The court reasoned that although the PCF never formally intervened as a party in the underlying malpractice litigation, its attempt to fund the defense was an effort to do indirectly what it was prohibited from doing directly.  The court therefore reversed the trial court’s decision and granted plaintiffs’ request for a preliminary injunction prohibiting the PCF from attempting to fund the underlying healthcare provider in an effort to avoid the statutory admission of liability.

As an aside, it is interesting to note that in this case, the plaintiffs had authorized settlement with the Estate of Dr.

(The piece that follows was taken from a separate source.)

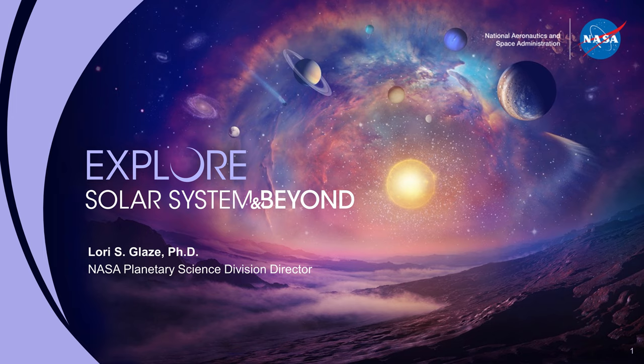Hello, I'm Dr. Lori Glaze, Director of NASA's Planetary Science Division, and I'm here to talk with you today about NASA's Planetary Science Program.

Grovenburg for the statutory limit of $100,000.  Due to the liquidation status of PNRRG, however, the plaintiffs would only receive 22% or $22,000.  The court was cognizant of this fact and noted that because PNRRG would not have paid the full sum of $100,000, the settlement would not satisfy the provisions of the La. R.S. 40:1299.44(c)(5) and would not be sufficient to trigger the PCF’s statutory liability for excess damages.  Therefore, when the settlement was consummated, plaintiffs would still bear the additional burden of establishing malpractice liability and resultant damages in excess of $100,000.

This decision is extremely significant and important given recent legislative efforts.  During the past legislative session, the legislature passed a bill prohibiting the PCF from paying the underlying healthcare provider’s defense costs in return for the underlying healthcare provider refusing to admit liability by payment of its $100,000.  Unfortunately, Governor Foster vetoed this bill.  This case now provides powerful authority prohibiting the PCF from funding the defense costs to an underlying healthcare provider to avoid the statutory admission of liability.  It further recognized the PCF’s tactic for what it was -- an end-run around the statutory admission of liability.